Cada verbo encierra un valor propio y punto.


----------



## kdt

Correcto Paquit&, *c'est moi* se traduce por *soy yo* porque te refieres a la persona. Pero la frase del ejemplo no se puede traducir literalmente, hay que mirar el contexto, y lo que intentaba explicar es que, en ese caso, no se puede decir soy porque hay lugar de por medio (en la foto).
O quitas el aquí, para referirte a la persona que eres/no eres, o dices estar.

Saludos


----------



## Gévy

Hola Kdt:

Bien, me parece que las has líado y bien. 
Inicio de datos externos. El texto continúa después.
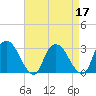 Poughkeepsie tide chart for Sunday, April 17, 2022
A ver, no se trata de "aquí soy yo" (en este lugar), todos sabemos que estar sería de rigor.

Te pongo un ejemplo de otra manera para que entiendas: Mira, aquí... que sí, te lo juro, soy yo de pequeño, jajaja, ¡que pinta tenía entonces!

Bien tendríamos "aquí" pero sin relación gramatical con "soy yo", que me identifica como siendo aquel que aparece aquí. ¿Ya pillas lo que quería decir la frase francesa?

Bisous,

Gévy


----------



## Paquita

kdt said:


> hay lugar de por medio (en la foto).
> O quitas el aquí, para referirte a la persona que eres/no eres, o dices estar.
> 
> Saludos


 
*¡No!!!!!*

*Con o sin* el "aquí" tienes que escribir y decir *"soy yo".* 
El "aquí" sirve para señalar la foto, no para indicar la ubicación de "yo" en ella...

En francés:

"Ici, c'est moi" 
Sin "ici" la frase "c'est moi" tiene el mismo sentido y es correcta.

Pero

"Je suis ici" = si quitas "ici", la frase "Je suis" no tiene sentido, le falta algo o tiene un sentido distinto (soy = existo), prueba que el verbo aquí tiene un sentido de lugar que no tiene el anterior. 
En eqpañol te lo repito "soy" y "estoy" son distintos... y "aquí" es compatible con "soy" porque ¡no está asociado con el verbo!!!!!


----------



## kdt

Paquit& said:


> *¡No!!!!!*
> En español te lo repito "soy" y "estoy" son distintos... y "aquí" es compatible con "soy" porque ¡no está asociado con el verbo!!!!!



Acabo de ver el problema.

A la pregunta: *"Mira aquí(enseñando la foto), si eres tú"*
si respondes como estaban las primeras traducciones(yo me guié con eso): *"no, aquí no soy yo"*
es incorrecto porque el *aquí* sí esta asociado con el verbo.

No es lo mismo si respondes: *aquí(lugar a mirar), no soy yo.*
es correcto.

Así que todos tenemos razón, pero hablabamos de cosas distintas, *falla la coma* despues del *aquí*, estar o no estar, esa es la questión


----------



## Gévy

Sí faltaba la coma. Se me olvidó indicárselo a Paul en mi primera intervención. Mea culpa.

Bisous,

Gévy


----------